**AIM OF THE EXERCISE**
Please restate each line of the data that follows word for word, skipping any image.

**DATA BELOW**
++++++

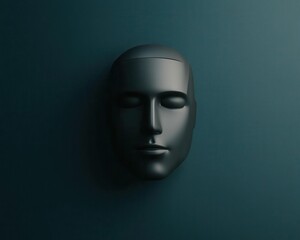 High-tech office security, facial recognition scanning at entry, 3D illustration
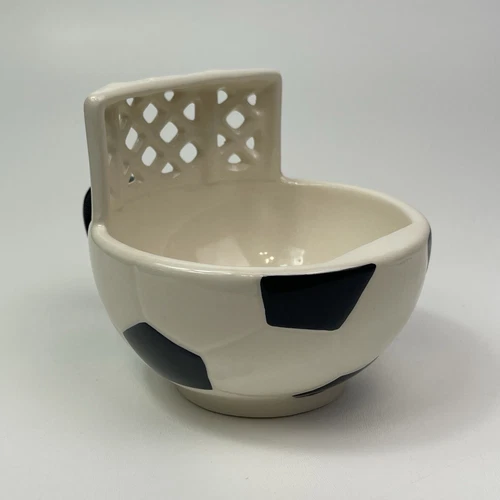 Soccer Ball Net Mug Bowl Coffee Cup Soup Bowl Maxis Creations Black White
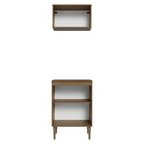 Kit Alacena y Bajo Mesada 60 cm 3 Puertas Marrón/Negro Lille Madesa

++++++

**FINISHED TASK**
 High-tech office security, facial recognition scanning at entry, 3D illustration
 Soccer Ball Net Mug Bowl Coffee Cup Soup Bowl Maxis Creations Black White
 Kit Alacena y Bajo Mesada 60 cm 3 Puertas Marrón/Negro Lille Madesa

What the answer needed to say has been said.